Décharger des semences, cela signifiait que le propriétaire eût à donner le grain que les paysans étaient tenus de fournir pour les champs qu’ils travaillaient.

— Ainsi vous refusez ? Vous ne voulez pas prendre la terre ? dit Nekhludov à un jeune paysan à la figure luisante, nu-pieds, en caftan déchiré, tenant dans sa main gauche sa casquette déchirée, à la façon des soldats qui ont reçu de leurs chefs l’ordre de se découvrir.

— Parfaitement, répondit celui-ci, pas encore délivré de l’hypnotisme militaire.

— Alors c’est que vous avez assez de terres ? demanda Nekhludov.

— Non ! répondit l’ancien soldat, à l’air apprêté, tenant devant lui sa casquette déchirée, comme s’il la proposait à qui la voudrait prendre.

— Enfin, réfléchissez à ma proposition, dit Nekhludov stupéfait. Et il la leur répéta.

— C’est tout réfléchi. Comme nous l’avons dit. Ce sera ainsi, confirma d’un ton hargneux le sombre vieillard édenté.

— Je resterai ici encore un jour. Si vous changez d’avis vous m’en préviendrez.

Les paysans ne répondirent pas.

Et, sans avoir pu rien en tirer, Nekhludov regagna le bureau.

— Voyez-vous, prince, lui dit le gérant, comme ils rentraient ; vous n’arriverez jamais à vous entendre avec eux : le peuple est têtu. Quand il est en assemblée, il se bute, et on ne peut rien en tirer. Il a peur de tout. Et cependant, parmi ces paysans, il en est d’intelligents, ainsi le vieux grisonnant, et le noir, qui ne voulaient pas consentir à votre proposition. Quand celui-ci vient au bureau et que je lui offre du thé, dit le gérant souriant, et que je le fais causer, il montre une intelligence remarquable : un vrai ministre ! Il juge de tout et avec bon sens. Mais en assemblée, c’est un autre homme, il ne démord pas de son idée…

— Dans ce cas, ne pourrait-on en faire venir quelques-uns ici, parmi les plus intelligents ? demanda Nekhludov. Je leur expliquerai l’affaire en détail.

— C’est possible, répondit le gérant toujours souriant.

— Eh bien, s’il vous plaît, faites-les venir demain.

— C’est possible, répéta le gérant, plus épanoui encore, ils seront ici demain.

— Voyez-vous ce finaud ! disait le paysan noiraud, à la barbe en broussaille, jamais peignée, en se balançant sur sa jument bien nourrie, à son compagnon vieux, maigre, en caftan usé, qui chevauchait à ses côtés, tandis que tintaient les entraves de fer du cheval.

Les paysans menaient paître, pour la nuit, leurs chevaux sur la grand’route, et, en secret, dans les bois du seigneur.

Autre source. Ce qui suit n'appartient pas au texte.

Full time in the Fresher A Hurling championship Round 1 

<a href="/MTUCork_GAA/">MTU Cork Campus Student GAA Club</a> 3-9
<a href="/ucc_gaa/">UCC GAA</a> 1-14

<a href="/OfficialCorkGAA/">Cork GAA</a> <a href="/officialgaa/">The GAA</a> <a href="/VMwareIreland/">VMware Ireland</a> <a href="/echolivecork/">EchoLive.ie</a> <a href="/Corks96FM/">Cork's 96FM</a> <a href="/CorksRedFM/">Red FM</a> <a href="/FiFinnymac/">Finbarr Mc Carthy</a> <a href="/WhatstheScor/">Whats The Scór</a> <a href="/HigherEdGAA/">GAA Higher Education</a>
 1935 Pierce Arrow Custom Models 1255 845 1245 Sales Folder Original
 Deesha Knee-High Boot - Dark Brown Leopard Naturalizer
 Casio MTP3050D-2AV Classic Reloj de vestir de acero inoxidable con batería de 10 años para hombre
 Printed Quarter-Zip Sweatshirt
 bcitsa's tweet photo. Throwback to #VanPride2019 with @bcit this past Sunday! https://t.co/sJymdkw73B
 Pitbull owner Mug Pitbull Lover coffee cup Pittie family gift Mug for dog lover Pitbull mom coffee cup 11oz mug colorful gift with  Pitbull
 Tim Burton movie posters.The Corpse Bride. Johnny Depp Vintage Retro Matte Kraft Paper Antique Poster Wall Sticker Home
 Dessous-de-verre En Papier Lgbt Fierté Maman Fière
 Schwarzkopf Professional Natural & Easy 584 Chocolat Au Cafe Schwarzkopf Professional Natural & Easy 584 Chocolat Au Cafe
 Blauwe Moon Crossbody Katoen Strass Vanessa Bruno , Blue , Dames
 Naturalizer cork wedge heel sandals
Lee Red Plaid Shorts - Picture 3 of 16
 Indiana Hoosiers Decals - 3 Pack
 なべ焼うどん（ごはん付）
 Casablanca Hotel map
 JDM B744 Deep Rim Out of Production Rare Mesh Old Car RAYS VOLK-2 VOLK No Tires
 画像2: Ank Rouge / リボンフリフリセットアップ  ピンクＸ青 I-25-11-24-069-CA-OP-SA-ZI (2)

— Je vous donne la terre pour rien, signe seulement ! En ont-ils assez roulé de nous autres ! Non, frère, assez, aujourd’hui nous comprenons, ajouta le même paysan, et il appela le jeune poulain qui s’était attardé.

— Hé ! Viens, viens ! cria-t-il en arrêtant son cheval et se retournant. Mais le poulain n’était pas derrière, il s’était éloigné de côté, dans la prairie.

— Voyez-vous ce fils de chat qui prend l’habitude d’aller dans les champs du seigneur ! reprit le paysan noiraud à la barbe en broussaille, en entendant le hennissement et le galop du jeune poulain dans les prés couverts de rosée et parfumés : et, percevant sous les sabots de la bête, le craquement de l’oseille sauvage, il ajouta : Tu entends, l’oseille envahit les prés.

— À la fête il faudrait envoyer les femmes pour l’arracher, dit le paysan maigre, en caftan déchiré, autrement on esquinterait les faux.

— Signe, répéta l’autre paysan, reprenant les paroles du propriétaire. Signe et il te mangera vivant.

— C’est bien cela, opina le vieux.

Et ils ne dirent rien de plus. On n’entendait plus que le choc des sabots sur la route pierreuse.